### What to do:
Return nothing but the lines from the one with "Inlustro Smart Fietslamp" through the one with "Medaile 1901 - K" in the data below, word for word and without pictures.

________________________

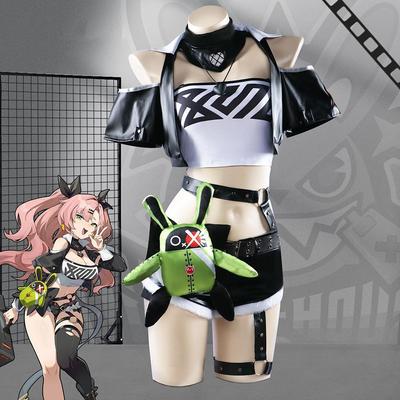Anime Zenless Zone Zero Cosplay Costume Nicole Costume Halloween Anime ZZZ Outfit Girl Uniform Wig Birthday Gifts Carnival Full Set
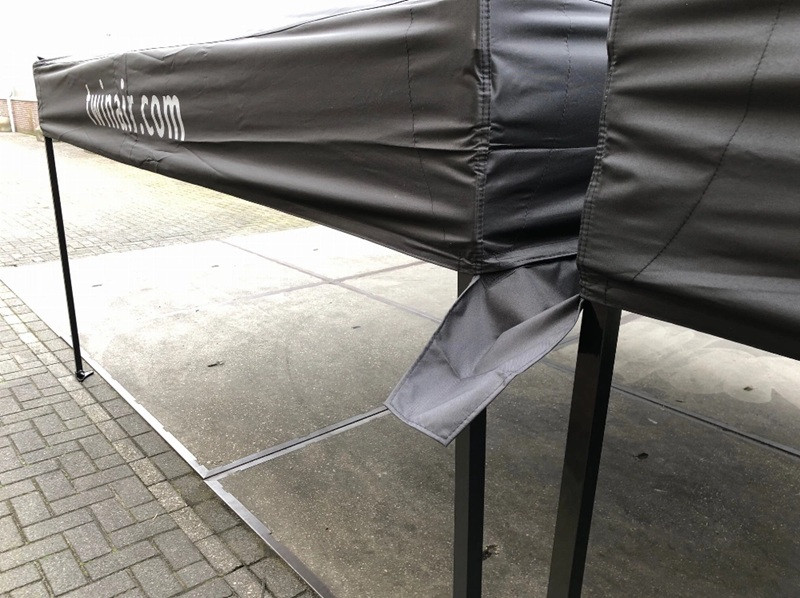 Rain gutter for canopy TwinAir 177782 (3x3m)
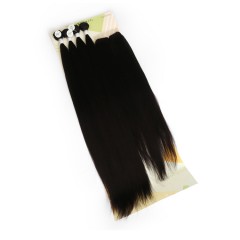 Extension de cheveux lot de 4 pièces 30 pouces cheveux noir longs et lisses fibre de haute température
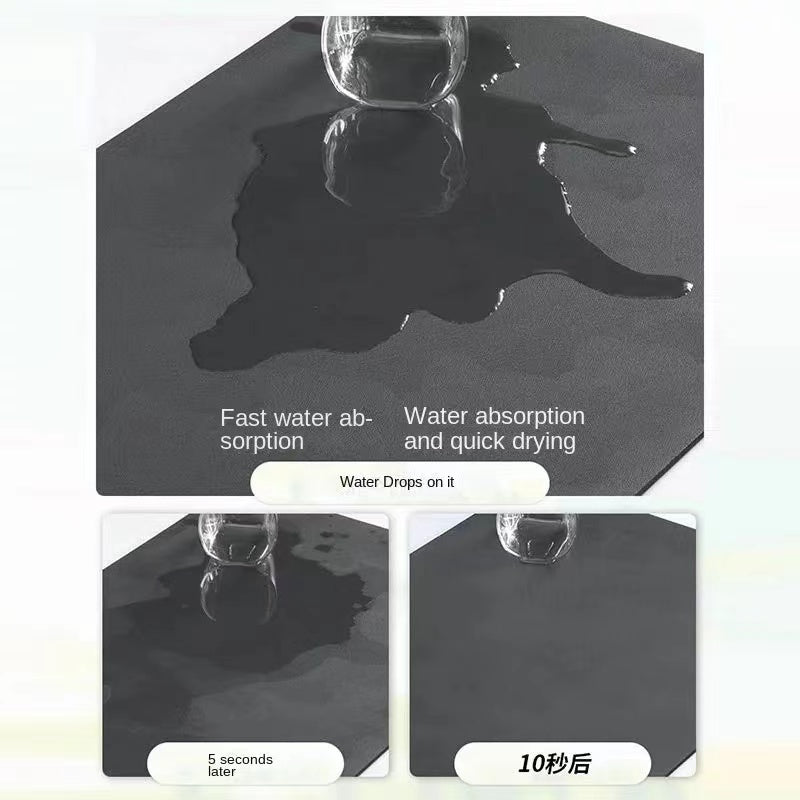 Coffee Machine Placemat Kitchen Water Absorbent Pad Diatomite Drying Dishes Drain Mat for Kitchen Sink Countertop Protector
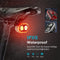Inlustro Smart Fietslamp Set - Achterlicht met Remsensor - LED Fietslampjes Rood en Wit - USB Oplaadbaar - Waterdicht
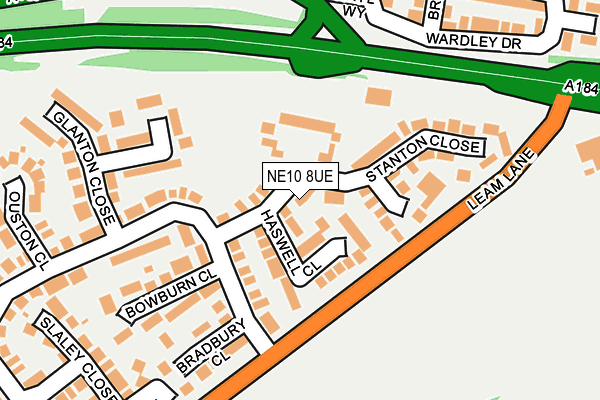 NE10 8UE map - OS OpenMap – Local (Ordnance Survey) NE10 8UE map - OS OpenMap – Local (Ordnance Survey)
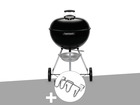 Barbecue à charbon  original kettle 57 cm + support accessoires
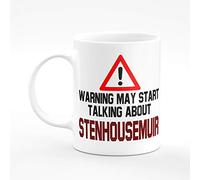 Amelia Gould Apparel Warning May Start Talking About Stenhousemuir - Gift for him her 11oz Premium Grade Mug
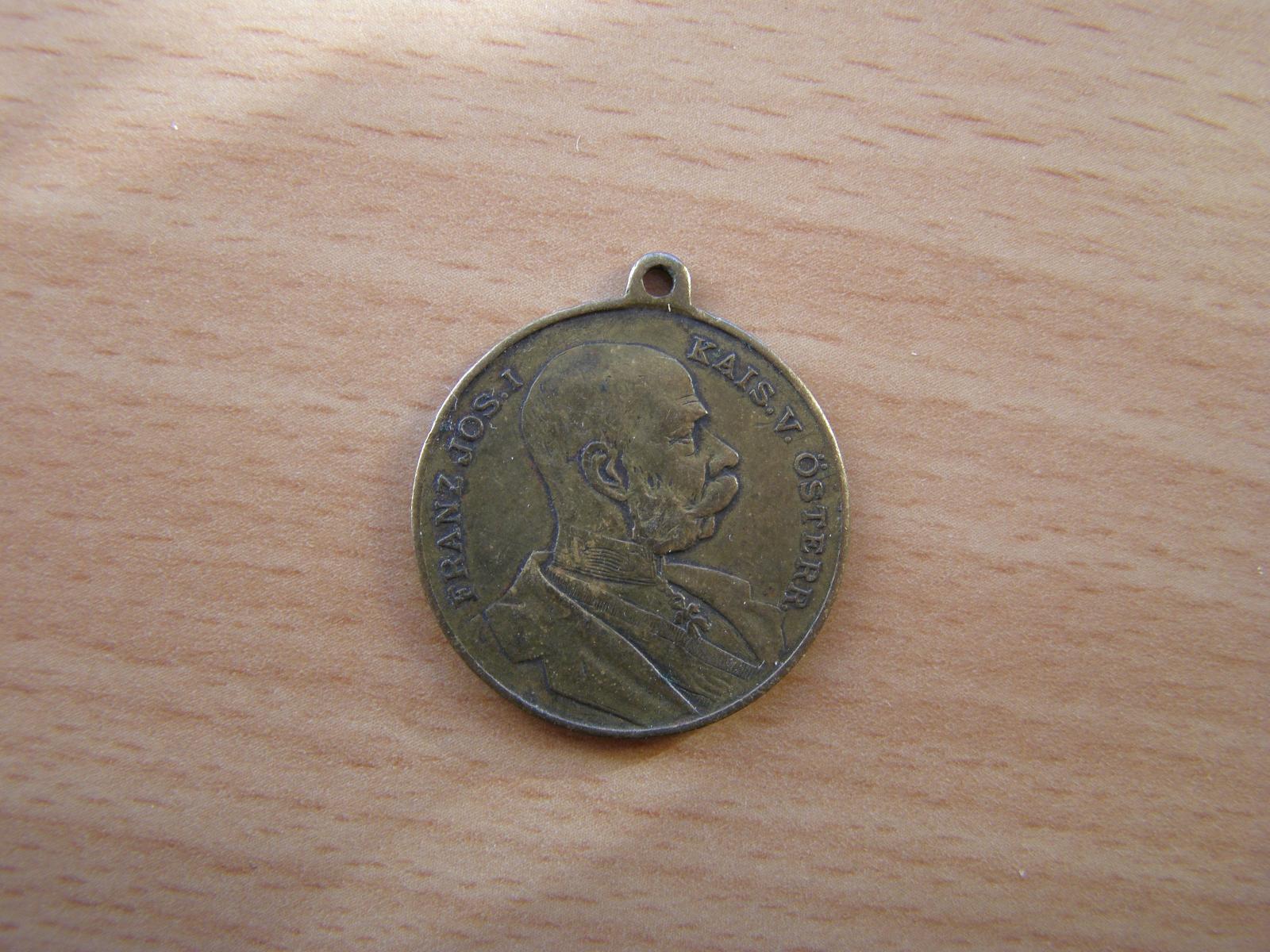 Medaile 1901 - K návštěvě Františka Josefa I. v Ústí nad Labem. - Sběratelství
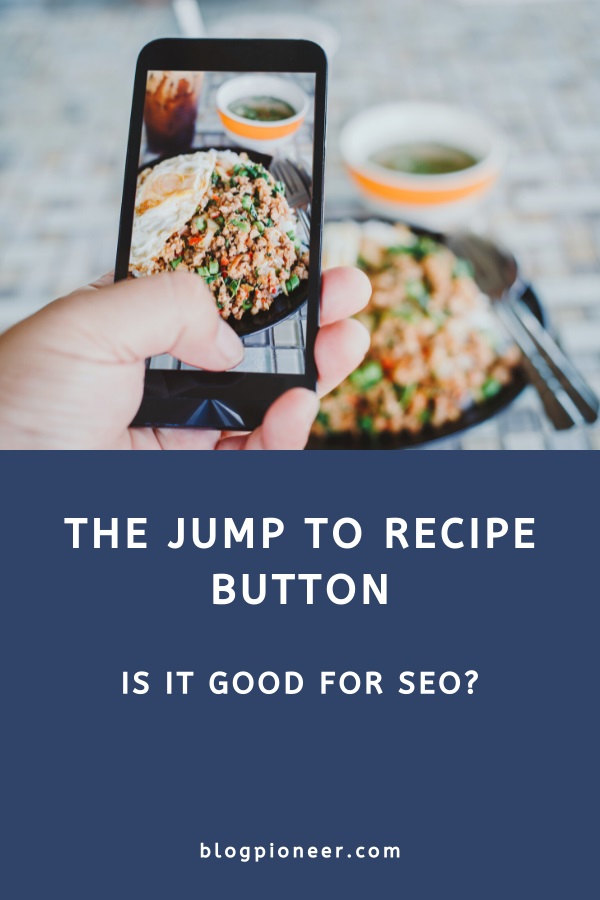 The jump-to-recipe button and SEO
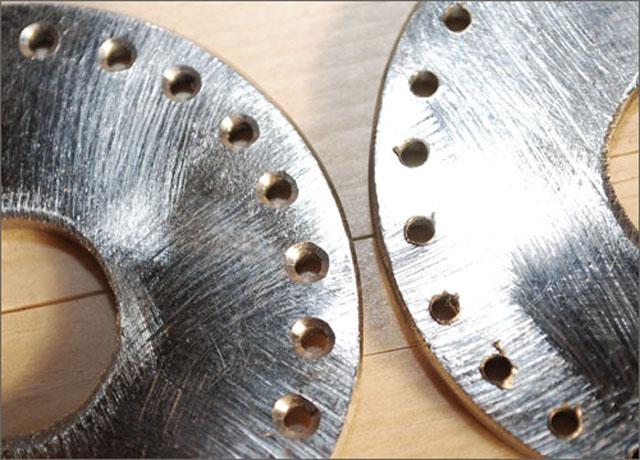 This is especially important on these drilled steel hub flanges, which would have a very sharp edge on the hole.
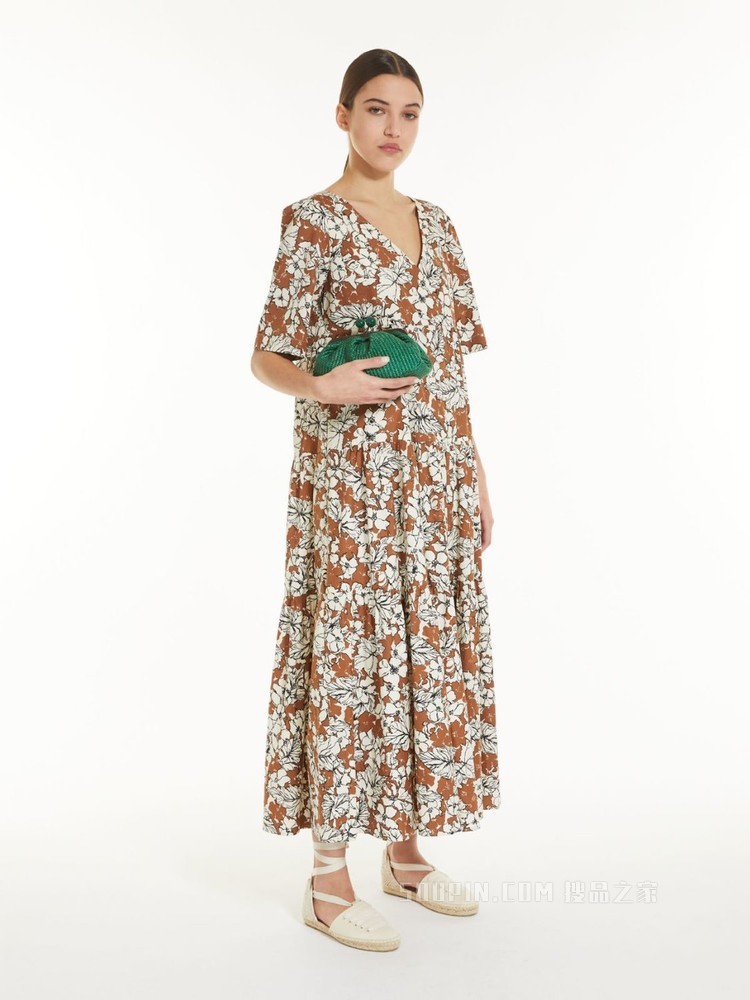 印花棉府绸连衣裙 | Weekend Max Mara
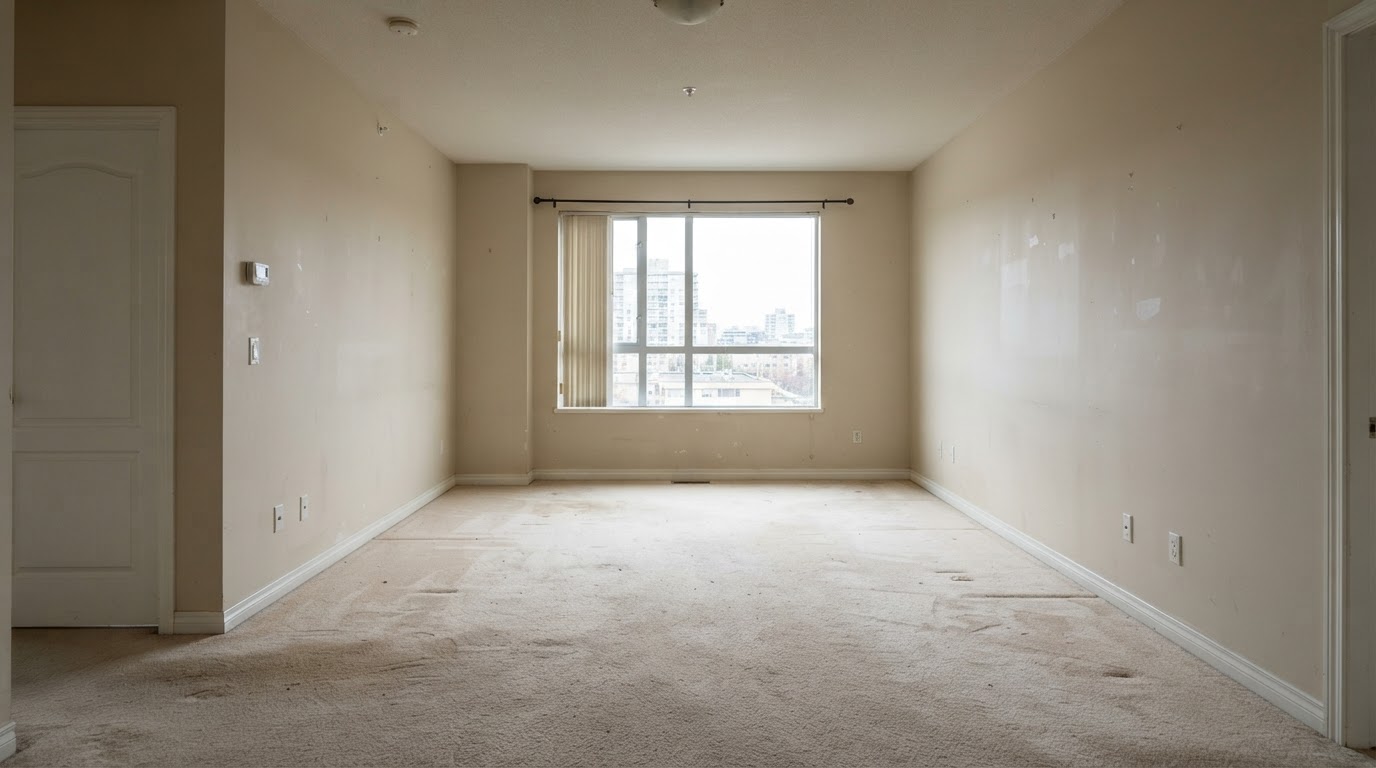 Same rental unit cleared after a tenant turnover cleanout in Fond Du Lac Wisconsin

________________________

### Written solution:
Inlustro Smart Fietslamp Set - Achterlicht met Remsensor - LED Fietslampjes Rood en Wit - USB Oplaadbaar - Waterdicht
 NE10 8UE map - OS OpenMap – Local (Ordnance Survey) NE10 8UE map - OS OpenMap – Local (Ordnance Survey)
 Barbecue à charbon  original kettle 57 cm + support accessoires
 Amelia Gould Apparel Warning May Start Talking About Stenhousemuir - Gift for him her 11oz Premium Grade Mug
 Medaile 1901 - K návštěvě Františka Josefa I. v Ústí nad Labem. - Sběratelství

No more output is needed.